Find a helmet that fits snugly with the strap on. States have various laws regarding cyclists’ wearing helmets, but for safety it is recommend that everyone wear a helmet. Cyclists should check to make sure the helmet is ANSI- or SNELL-approved by the federal government.
Wear clothing that is tight and bright
What a cyclist is wearing matters. Wear clothing that is bright or has reflectors so car drivers can see it. This is especially important at dusk, dawn and night. Avoid loose clothing that can get caught in the bicycle. Long pants and long sleeves can protect against scrapes. In warmer weather, consider wearing knee pads and elbow pads.
“Avoid dark clothing when riding a bicycle,” Schwebel said. “Dark colors make it difficult for drivers of cars to see a bicyclist. If possible, I recommend not riding bicycles after dark.”
Perform a strict pre-ride checklist
Assess your bicycle and its road-readiness. Go through a checklist to ensure your bicycle is appropriately sized and maintained.
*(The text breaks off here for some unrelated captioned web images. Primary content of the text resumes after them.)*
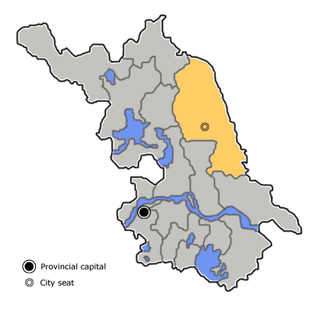 Location of Yancheng in Jiangsu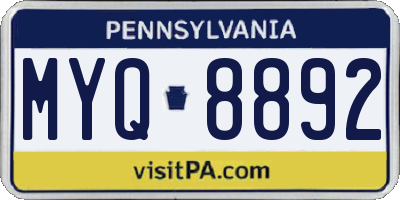 PA license plate MYQ8892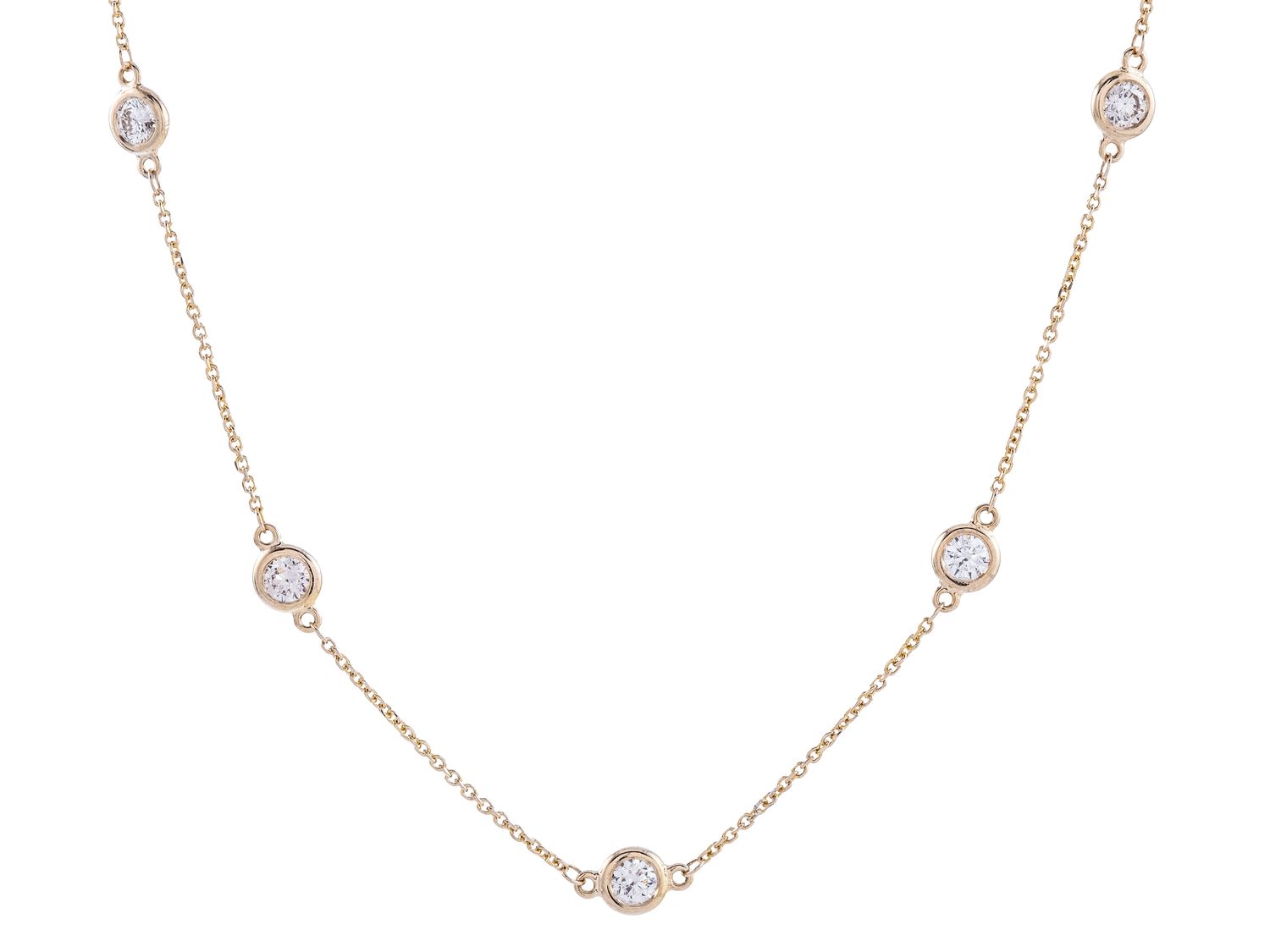 Necklace - diamond by the yard,12=1.03ct 18" 14kt yellow gold - Gaines Jewelers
“Danger can occur if the bicycle fails at the wrong time,” Schwebel said. “Having a quick pre-ride checklist to ensure your bicycle is safe can decrease the risk of injury.”
Before hopping on a bike:
- Check to see if it is the right size – one too big can be harder to control.
- Adjust the seat to fit leg length.
- Make sure tires are properly inflated.
- Install reflectors on front and back of bicycle.
- Ensure that all parts are working properly.
- Grease chains, if needed.
Know the rules of the road
Bicyclists must know the rules of the road and follow them to ensure everyone’s safety.
“Cyclists are considered vehicles when riding in the street,” Wilkins said. “It is important to learn and follow the rules as a motorist and as a cyclist to help protect anyone who is traveling.”
Rules to keep in mind include:
- Never ride against the flow of traffic.
- Obey all traffic laws, signs and signals.
- Pedestrians always have the right of way if riding on the sidewalk.
- Use hand signals.
- Look both ways before crossing a street.
“If drivers know where you are going, they will be able to respond and avoid you, just as they would avoid other vehicles,” Schwebel said.
Using hand signals allows others to know what intentions are being communicated. Just as a motorist would, a bicycle rider should show others what they are doing and where they are going. The most important hand signals to know include left or right turn. Signal a left turn by extending the left hand out. To signal a right turn, extend the left arm out from the body pointing the forearm and hand up in a right angle.